The grounding connections provided to substation equipment and structures fall under two categories, namely

a. Safety Grounds

b. System Grounds

System ground is normally for neutral grounding and safety ground is for equipment grounding. Minimum conductor size for equipment safety grounding.

All safety ground termination shall be made directly on to the ground grid. All system ground shall be terminated on to a ground rod interconnected to the grounding grid.

SOIL RESISTIVITY MEASUREMENT

Measurement

·      A number of measuring techniques are described in detail in ANSI/IEEE 8. The Wenner's four-pin method as described in ANSI/IEEE 8shall be used for measurement of soil resistivity. As many readings as required for various spacing and depth, in all the eight directions, sufficient to model the soil shall be carried out.

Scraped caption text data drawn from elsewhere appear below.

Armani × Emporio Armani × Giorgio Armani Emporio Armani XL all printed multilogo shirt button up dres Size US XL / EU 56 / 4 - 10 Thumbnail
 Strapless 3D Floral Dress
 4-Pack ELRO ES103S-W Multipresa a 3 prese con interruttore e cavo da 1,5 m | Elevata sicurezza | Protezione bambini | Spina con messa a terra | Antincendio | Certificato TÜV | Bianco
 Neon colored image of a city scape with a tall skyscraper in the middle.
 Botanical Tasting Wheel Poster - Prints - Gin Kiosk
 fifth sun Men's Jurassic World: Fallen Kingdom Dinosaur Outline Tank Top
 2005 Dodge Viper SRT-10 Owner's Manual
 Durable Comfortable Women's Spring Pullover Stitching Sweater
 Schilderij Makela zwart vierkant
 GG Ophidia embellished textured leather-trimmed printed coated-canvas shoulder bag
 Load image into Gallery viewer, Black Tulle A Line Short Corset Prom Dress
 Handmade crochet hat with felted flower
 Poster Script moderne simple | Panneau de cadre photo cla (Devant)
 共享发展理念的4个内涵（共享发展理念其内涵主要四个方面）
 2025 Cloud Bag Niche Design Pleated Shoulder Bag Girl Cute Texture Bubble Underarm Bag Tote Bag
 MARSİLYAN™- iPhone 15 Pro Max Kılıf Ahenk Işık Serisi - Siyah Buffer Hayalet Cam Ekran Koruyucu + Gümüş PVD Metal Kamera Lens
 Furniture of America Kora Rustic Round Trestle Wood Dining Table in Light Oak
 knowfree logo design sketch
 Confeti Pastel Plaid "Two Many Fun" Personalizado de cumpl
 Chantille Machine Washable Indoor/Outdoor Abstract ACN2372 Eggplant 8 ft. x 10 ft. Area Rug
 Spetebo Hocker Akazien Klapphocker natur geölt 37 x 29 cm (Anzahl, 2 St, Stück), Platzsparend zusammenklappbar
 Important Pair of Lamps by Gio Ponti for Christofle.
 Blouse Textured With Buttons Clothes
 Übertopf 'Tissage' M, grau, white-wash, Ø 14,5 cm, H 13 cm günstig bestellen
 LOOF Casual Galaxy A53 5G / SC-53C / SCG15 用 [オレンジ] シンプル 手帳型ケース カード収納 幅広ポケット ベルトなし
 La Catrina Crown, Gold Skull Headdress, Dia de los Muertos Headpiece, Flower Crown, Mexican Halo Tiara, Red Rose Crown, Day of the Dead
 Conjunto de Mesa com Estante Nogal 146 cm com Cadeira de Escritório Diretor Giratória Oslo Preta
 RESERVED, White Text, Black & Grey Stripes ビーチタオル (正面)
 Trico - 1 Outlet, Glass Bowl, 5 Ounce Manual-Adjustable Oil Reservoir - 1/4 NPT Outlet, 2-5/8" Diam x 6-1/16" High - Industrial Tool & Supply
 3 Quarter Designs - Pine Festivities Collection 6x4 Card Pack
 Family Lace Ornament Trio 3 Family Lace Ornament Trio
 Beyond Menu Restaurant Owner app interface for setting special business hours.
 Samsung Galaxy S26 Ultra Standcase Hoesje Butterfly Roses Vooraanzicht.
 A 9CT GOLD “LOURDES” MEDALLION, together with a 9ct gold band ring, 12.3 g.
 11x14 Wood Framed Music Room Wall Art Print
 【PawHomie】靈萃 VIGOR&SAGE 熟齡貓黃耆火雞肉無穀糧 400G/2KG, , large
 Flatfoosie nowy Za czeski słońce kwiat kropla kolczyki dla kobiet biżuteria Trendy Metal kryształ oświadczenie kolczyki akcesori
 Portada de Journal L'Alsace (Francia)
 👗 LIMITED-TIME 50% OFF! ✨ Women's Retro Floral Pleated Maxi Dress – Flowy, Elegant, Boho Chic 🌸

·      Soil resistivity readings shall normally be taken under dry conditions, during Summer months, if possible, However the same shall not affect the project’s schedule.

·      Fill up soil resistivity shall be carried by soil modeling in laboratories on samples dried to 2% moisture content after compaction.

·      Soil resistivity measurement shall also be carried out before and after fill up and compaction of soil at site.

Interpretation of Test Results

For soils with resistivity value less than 500 Ohm, if the difference between the highest and the lowest readings are within 30 % then the soil can be considered as uniform soil. For soils with resistivity value greater than 500 Ohm, if the difference between the highest and the lowest readings are within 20 % then the soil can be considered as uniform soil. For uniform soils, the mean value shall be considered as soil resistivity value. In case of wide variations in field readings, computer software alone shall be used to simulate two-layer model or multi-layer soil model. Two-layer soil models are good approximation of many soil structures, while multi-layer soil models may be used for more complex soil conditions. Software shall be based on IEEE-80.

 

Backfill Material

Backfill material shall have possibly the same soil resistivity or better than that of the original soil. In case of considerable backfill the soil resistivity shall be taken after completion of the backfill compaction. The same shall be used for grounding calculations. In case of delay of backfill activity at site the estimated value of resistivity of the backfill material or that of the existing soil whichever is higher shall be used for grounding calculations.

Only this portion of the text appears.